We used xMAP technology (BioPlex) and a panel of antibodies against 27 cytokines and 3 growth factors to detect their secreted levels in medium after stimulation with Aβ (0.3 µg/ml, 12 and 24 hrs) or AGE (10µg/ml, 24 hrs) on primary culture of hRPE cells. Experiments were repeated three times and significant changes were considered when p<0.05 and fold changes ≥ 2.0. Standard curves were generated and the absolute values of secreted cytokines reported using a high sensitivity assay with accuracy across a range of 1 to 10,000 pg/ml.
AGE stimulation resulted in the upregulation of 12 genes and downregulation of 5 genes that reached significance. Of the upregulated, secreted genes, 10 (of 27) were cytokines and 2 (of 3) were growth factors. The highest levels of fold changes were observed for IL2, IL17, FGFb, PDGFbb.

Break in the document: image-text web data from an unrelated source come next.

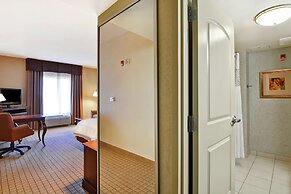 Hampton Inn & Suites Peoria at Grand Prairie, IL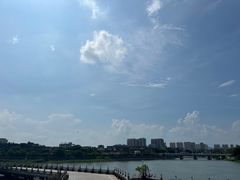 -汕头市博物馆
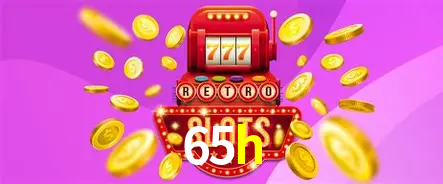 65h plataforma
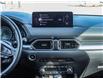2025 Mazda CX-5 GS (Stk: M1573) in Ottawa - Image 11 of 28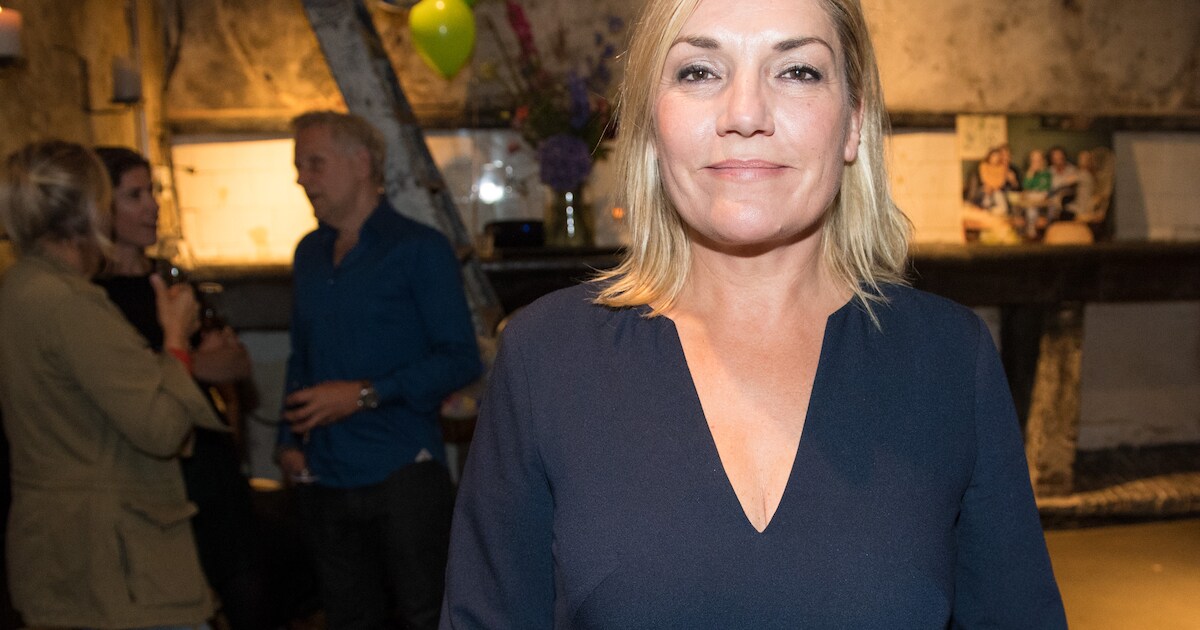 Gallyon van Vessem neemt 21 oktober afscheid van Hart van Nederland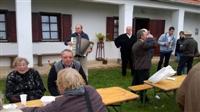 Sz�reti felvonul�s 2015.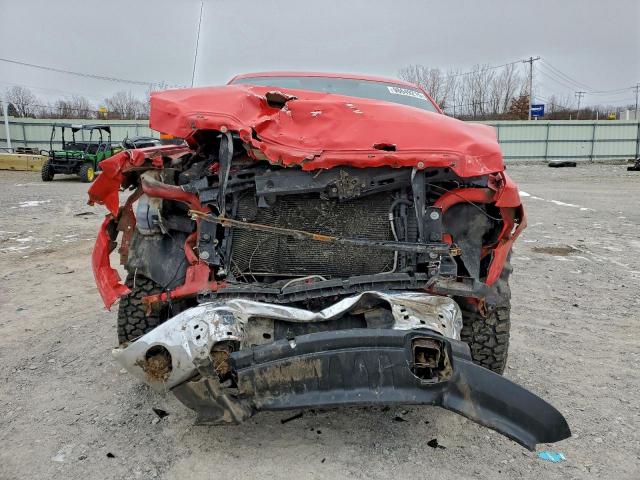 Ford F-150 Supercrew Image 10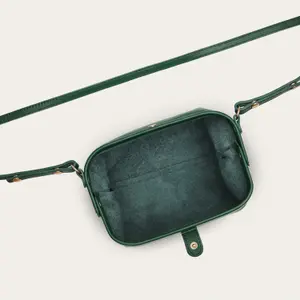 Damenhandtasche Balagan Rofe image-3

The five downregulated genes after AGE stimulation were all cytokines. Aβ stimulation resulted in the significant secretion of 5 genes. Two of the 5 were angiogenic factors, bFGF and VEGF. The others included proinflammatory cytokines, IL17 and IL9, and an anti-inflammatory cytokine, IL1ra.
AGE and Aβ stimulation results in a pattern of secreted cytokines and growth factors that are proinflammatory and proangiogenic in hRPE in vitro. Future studies are needed to determine if drusen components promote proinflammatory and proangiogenic processes in RPE cells in vivo.